The first Muslim minister in the UK cabinet, culture minister Sajid Javid, has spoken out against immigrants who live, work and settle in the UK without learning or having a good enough grasp of the English language.

Born in Rochdale in the North of England to immigrant parents who moved to the UK before his birth, Sajid Javid has come into the spotlight recently after he replaced Maria Miller as minister of culture in April of this year following her forced resignation. His opinions and views are grabbing the attention of the political community, both within and external to the Conservative party, leading to political commentators tipping him as a potential future Conservative party leader.

Speaking out in an interview with The Sunday Telegraph recently, Mr Javid claimed he knew of some immigrants who had been living in the UK for over 50 years without the ability to speak English – something he states is simply ‘not good enough’.

Sajid Javid has also spoken on the controversial topic of the Islamic legal system, Sharia law. When asked his opinions on calls from some members of the Muslim community to integrate Sharia law into the UK legal system, Mr Javid responded by stating that immigrants to the UK should ‘respect our way of life’, and went on to explain how he doesn’t believe that Sharia law has any place in the UK law. He told The Sunday Telegraph ‘Where people want to have their own private arrangements between them, that is a matter for them. But there is no place for Sharia law in British law.’

Recognising that the British population seem to be concerned about what they see as excessive immigration, Mr Javid said that ‘politicians do need to respond’ to the concerns that are arising. Again referring to those he knew who had been living in the UK for extended periods of time without learning English, he said that the ‘vast majority’ of immigrants he knew were respectful of UK values and wanted to make a contribution, with only the minority letting them down.

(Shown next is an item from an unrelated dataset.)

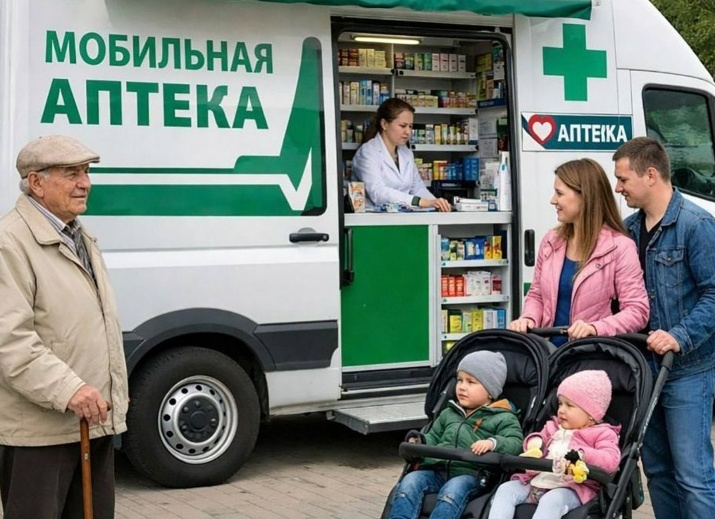 В России могут появиться передвижные аптеки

Now tipped as a future party leader, political commentators have been closely observing him since he became minister of culture, having reached the cabinet in his first parliament. Whilst this is a career feat in itself, it is perhaps more remarkable that his rise has been in the right-wing Conservative party – the political side that has often been criticised for being the least diverse in terms of sex, and more prominently, ethnicity. As the first British Asian to head up one of the UK’s government departments, Mr Javid is pushing the boundaries to help address the obvious issues of diversity that are evident across British politics.